■ INSTRUCTIONS TO FOLLOW
Locate the line containing "Opel Insignia - 32" in the entries below, then retype it and every later line exactly, leaving out pictures.

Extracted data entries
-*-
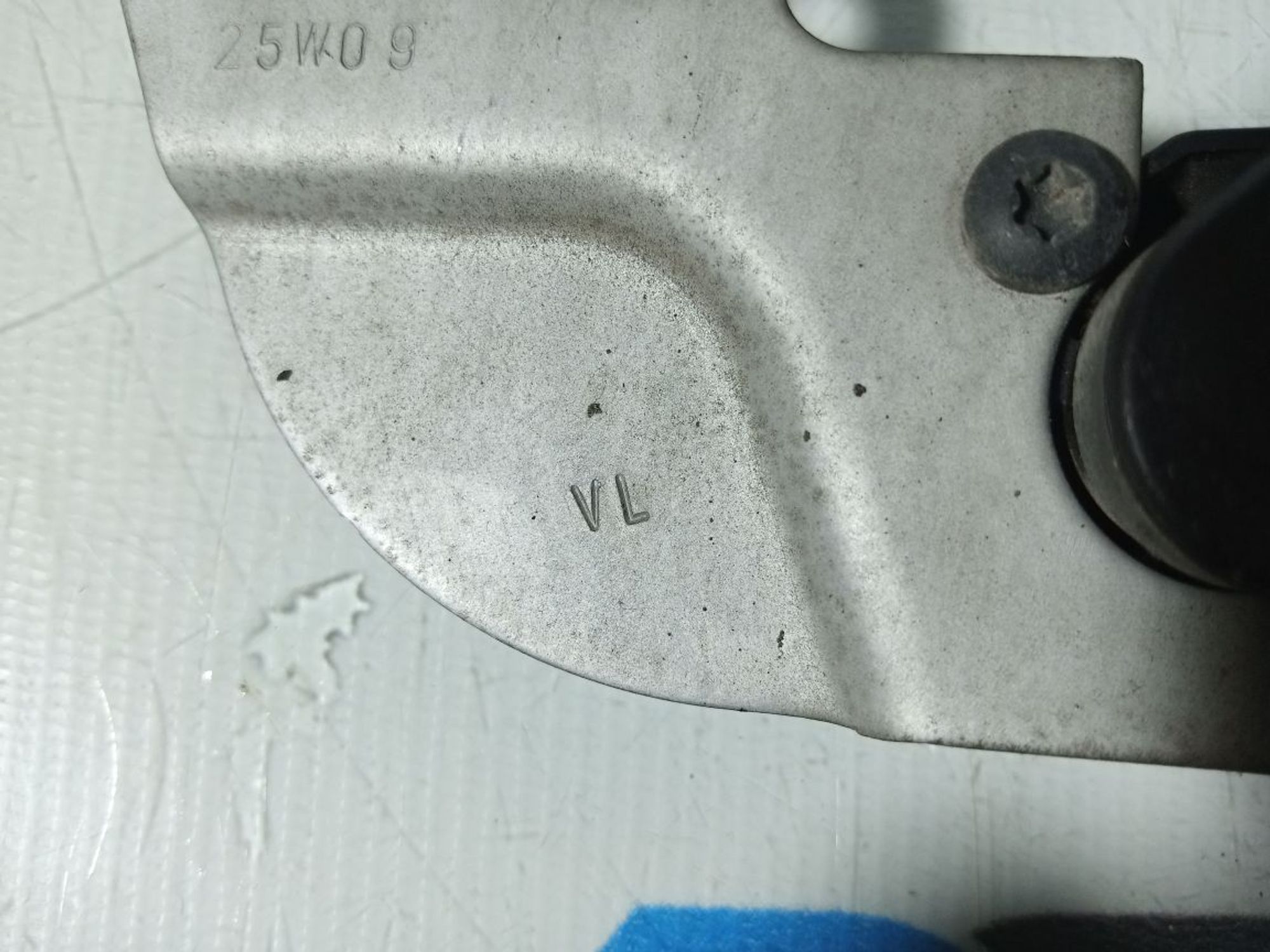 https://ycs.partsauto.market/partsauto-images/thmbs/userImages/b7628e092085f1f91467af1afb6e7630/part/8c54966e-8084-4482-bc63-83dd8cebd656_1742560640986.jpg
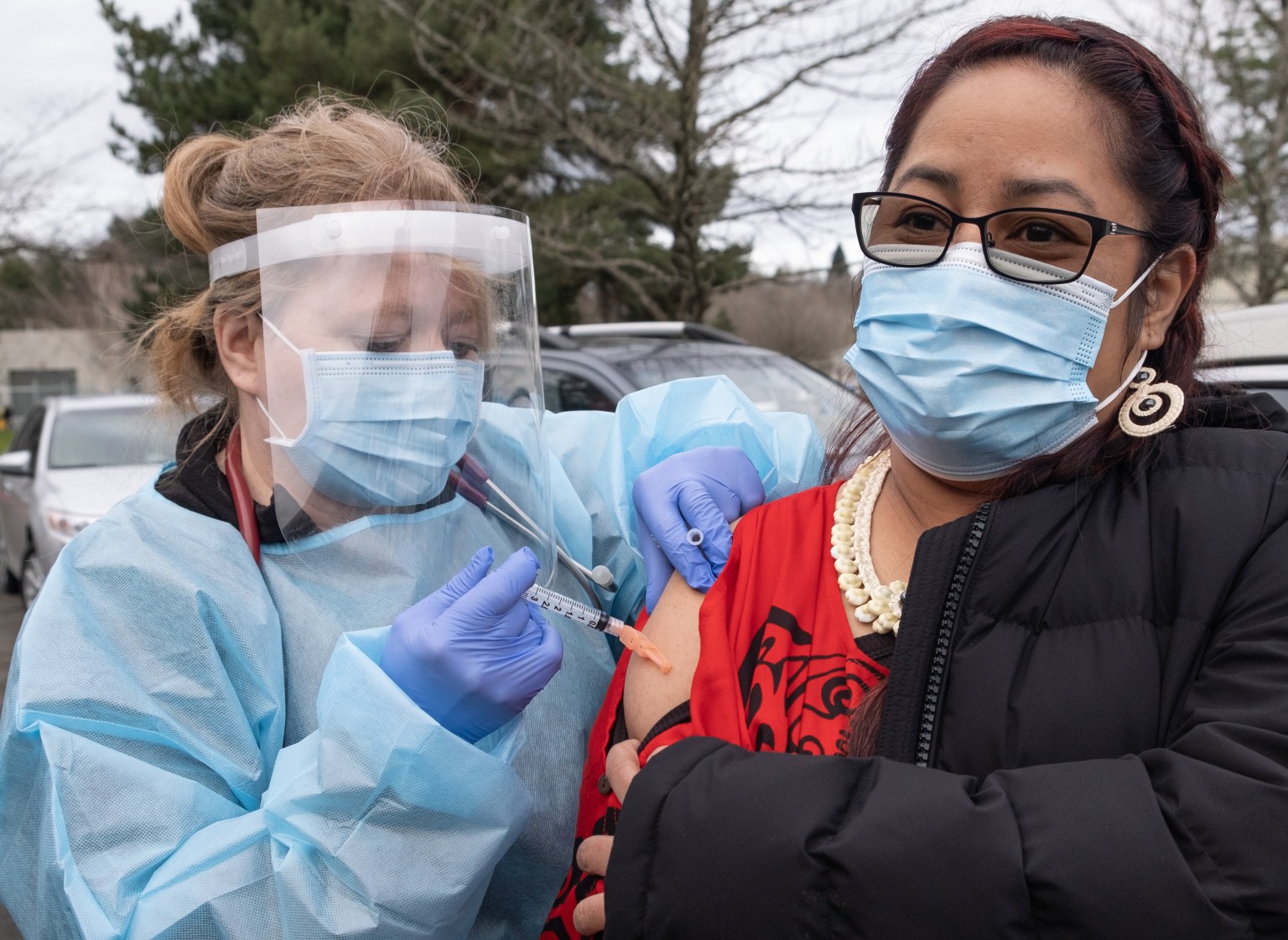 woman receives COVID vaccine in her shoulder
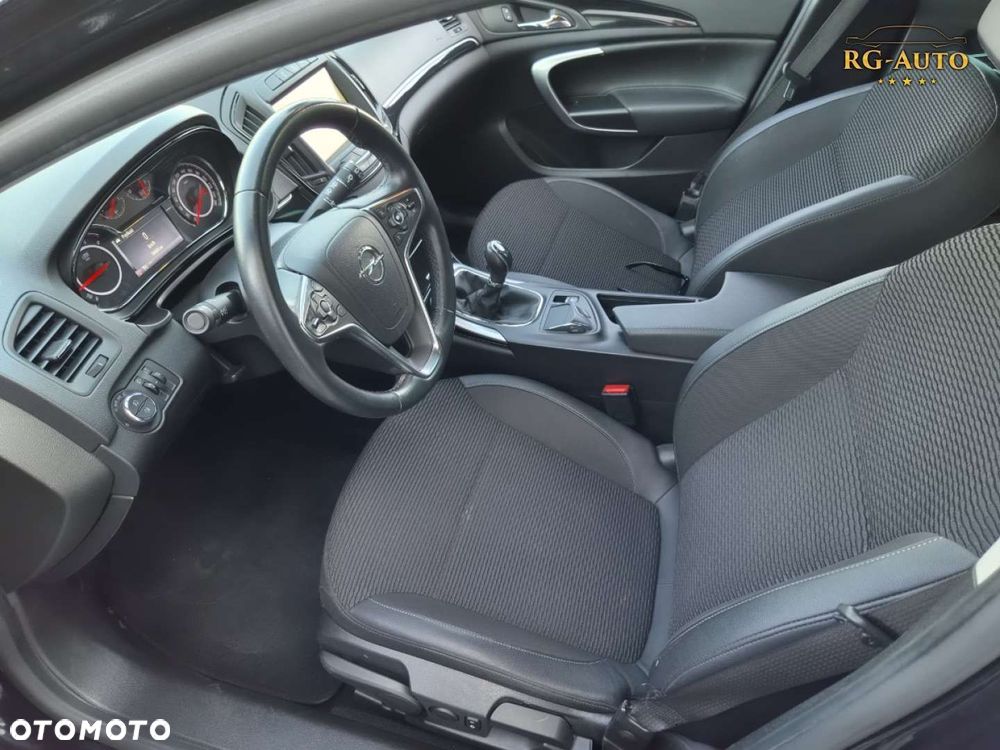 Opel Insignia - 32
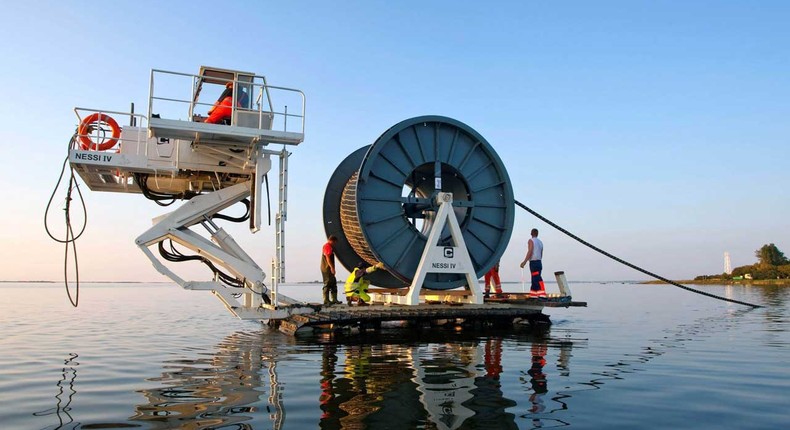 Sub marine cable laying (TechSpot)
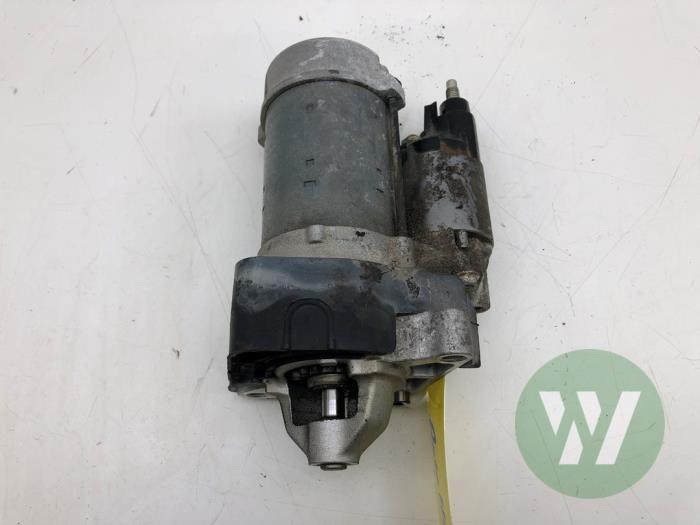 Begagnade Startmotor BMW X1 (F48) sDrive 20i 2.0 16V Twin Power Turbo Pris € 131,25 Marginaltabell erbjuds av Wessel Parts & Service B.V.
-*-
■ WRITTEN ANSWER
 Opel Insignia - 32
 Sub marine cable laying (TechSpot)
 Begagnade Startmotor BMW X1 (F48) sDrive 20i 2.0 16V Twin Power Turbo Pris € 131,25 Marginaltabell erbjuds av Wessel Parts & Service B.V.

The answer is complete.